Finite semigroups are important in computer science in particular because they can represent composition of state transitions of deterministic automata, including non-invertible transitions. From an algebraic perspective they are interesting because they can be very un-grouplike: for example, many interesting examples of semigroups have non-trivial idempotent elements, so that \(x^2 = x\) is possible without \(x\) being an identity element. The Maybe monoid is an obvious first example of this.

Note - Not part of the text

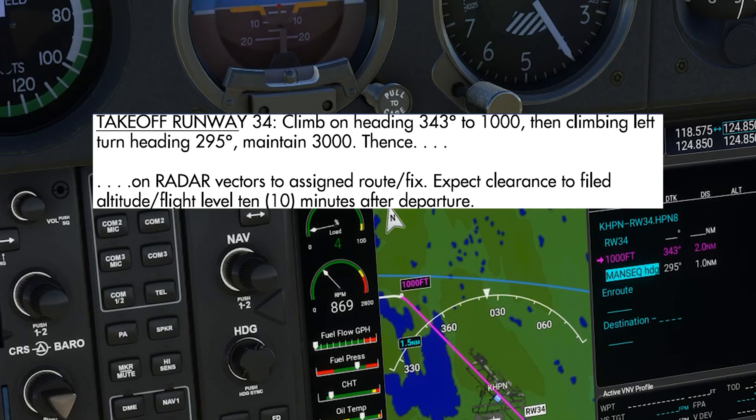This is the next waypoint — man-seek, or manual sequence. If using the flight director or autopilot, we'll be turned from the initial heading of 343 to 295, and then it's up to us and ATC to navigate via radar vectors or direct to the next point along our route. So there's no ambiguity in the route in our database.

Of course, every group and monoid (finite or not) has at least one idempotent, namely \(1\), but in fact more generally every finite semigroup also has an idempotent. To show this, it suffices to take any element \(x \in S\) of a finite semigroup \(S\) and consider the finite monogenic semigroup \( < x > \) that it generates. If we can show that \(< x >\) contains an idempotent then we are done.

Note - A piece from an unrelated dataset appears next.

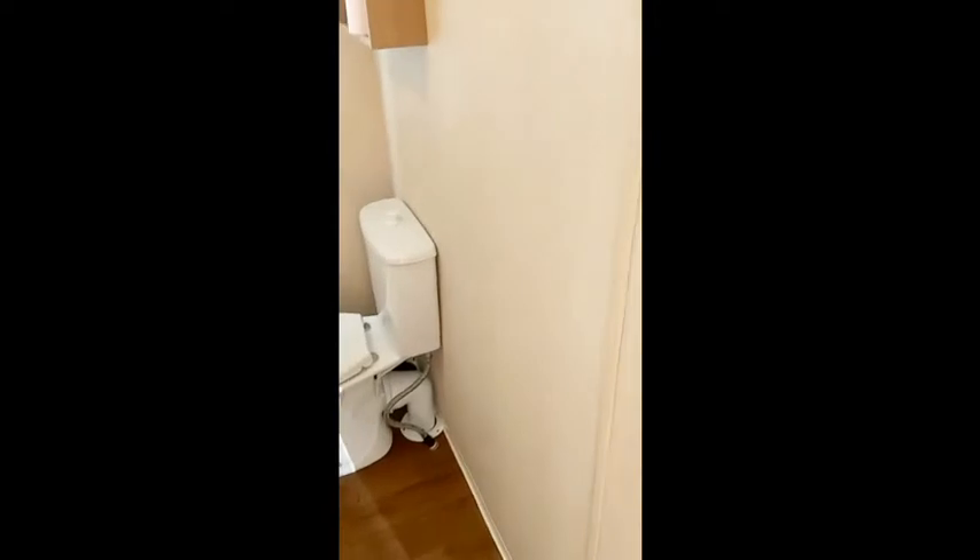The bathroom has a toilet, wash hand basin, and shower.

Lemma: Every finite monogenic semigroup contains at least one idempotent.

Proposition: Every finite non-empty semigroup \(S\) contains at least one idempotent.

Proof of the Proposition: consider any element \(x \in S\) and observe by the Lemma that \( < x > \) contains an idempotent, hence \(S\) contains an idempotent. QED.

Proof of the Lemma: suppose the monogenic semigroup is \( < x > \) for some generator \(x\), and let \(k\) be the smallest exponent such that \(x^k = x^l\) for some \(l < k\). Now if \(2l < k\) then we can argue that

\(\qquad x^{k-l} \cdot x^{k-l} = x^{k-l} \cdot x^l \cdot x^{k-2l} = x^k \cdot x^{k-2l} = x^{k-l}\)

since \(x^k = x^l\), and one can observe that in the group case \(x^{k-l}\) is just the identity element. The ability to form the element \(x^{k-2l}\) is crucial here.

Otherwise, \(2l \geq k\), but then \(x^{2l} = x^p\) for some \(p < k\) since any power of \(k\) can be replaced by a power of \(l < k\) instead. Then if \(x^k = x^l\), then \(2k\) should act like \(2l\) which acts like \(p\), so \(x^{2k-p}\) is a candidate idempotent. Furthermore \(2p < 2k\) so that \(x^{2k-2p}\) is a legitimate element of the semigroup. Now observe

\(\qquad x^{2k-p} \cdot x^{2k-p} = x^{2k-p} \cdot x^p \cdot x^{2k-2p} = x^{2l} \cdot x^{2k-2p} = x^p \cdot x^{2k-2p} = x^{2k-p}\)

so again we have an idempotent. QED.

I liked coming up with these arguments since they forced me to go outside my comfort zone of thinking in terms of groups, especially with respect to having negative exponents available. It’s also kind of surprising that a statement like this could be true in this generality. Of course, there are infinite semigroups that have no idempotents at all (and therefore no identity element): the canonical example is \((\mathbb{N}_{>0}, +\)), so finite semigroups are pretty special in this way. There are also infinite semigroups where every element is an idempotent: my favorite example of this so far is \((\mathbb{Z}, \mathrm{min})\).